(Beginning of PROVIDED DATA)
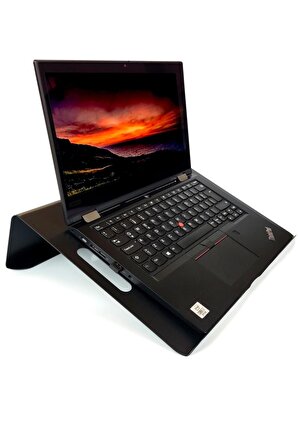 Tüm Modellere Uygun Laptop Standı Notebook Soğutucu Macbook Yükseltici Sehpa-Siyah-Metal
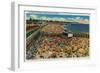 Crowds on the Beach, Santa Cruz - Santa Cruz, CA-Lantern Press-Framed Art Print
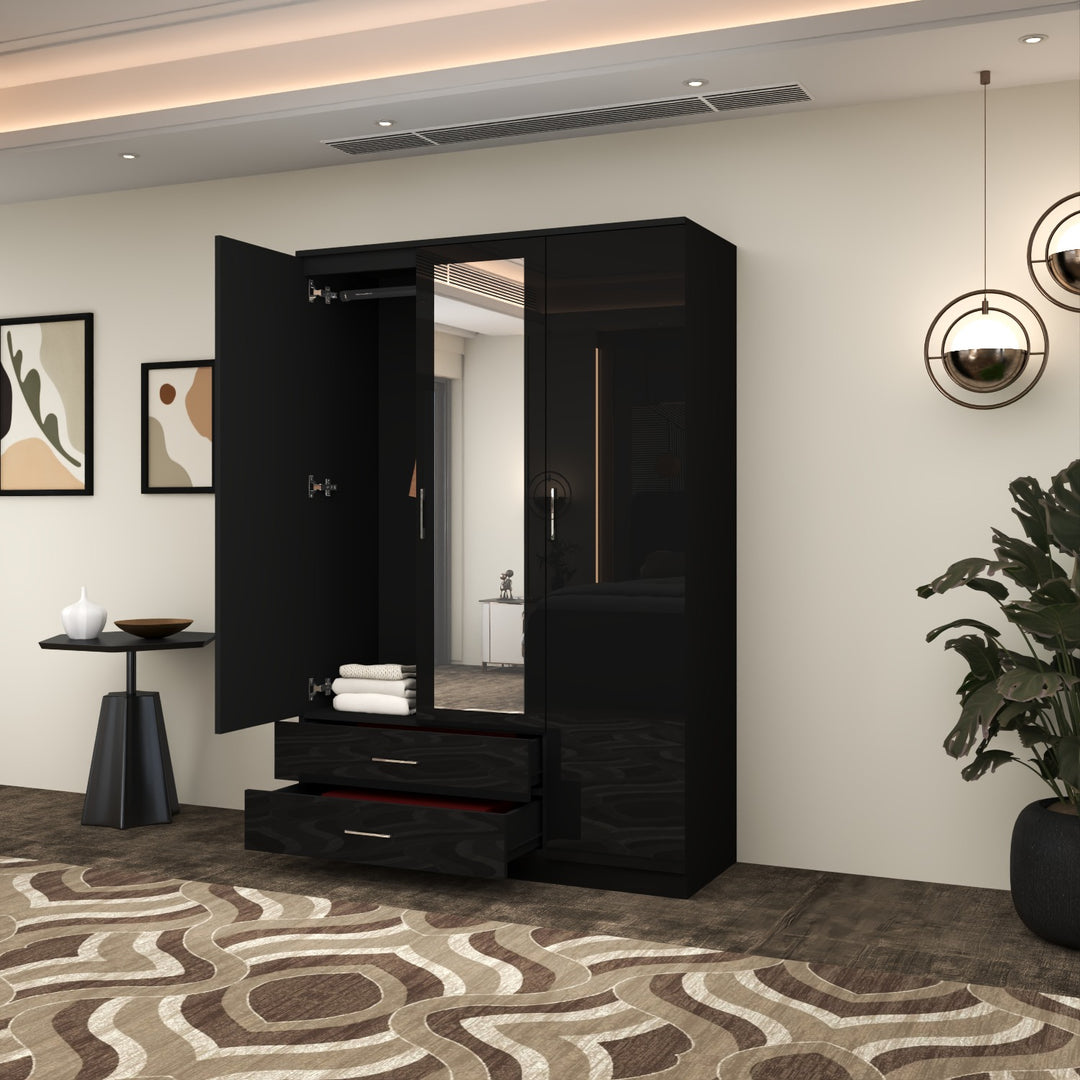 Modern High Gloss 3-Doors Wardrobe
(End of PROVIDED DATA)
▶ [EXERCISE INSTRUCTIONS] Copy out nothing but text: transcribe the listing exactly and skip each picture.

▶ [SOLUTION TO THE EXERCISE]
 Tüm Modellere Uygun Laptop Standı Notebook Soğutucu Macbook Yükseltici Sehpa-Siyah-Metal
 Crowds on the Beach, Santa Cruz - Santa Cruz, CA-Lantern Press-Framed Art Print
 Modern High Gloss 3-Doors Wardrobe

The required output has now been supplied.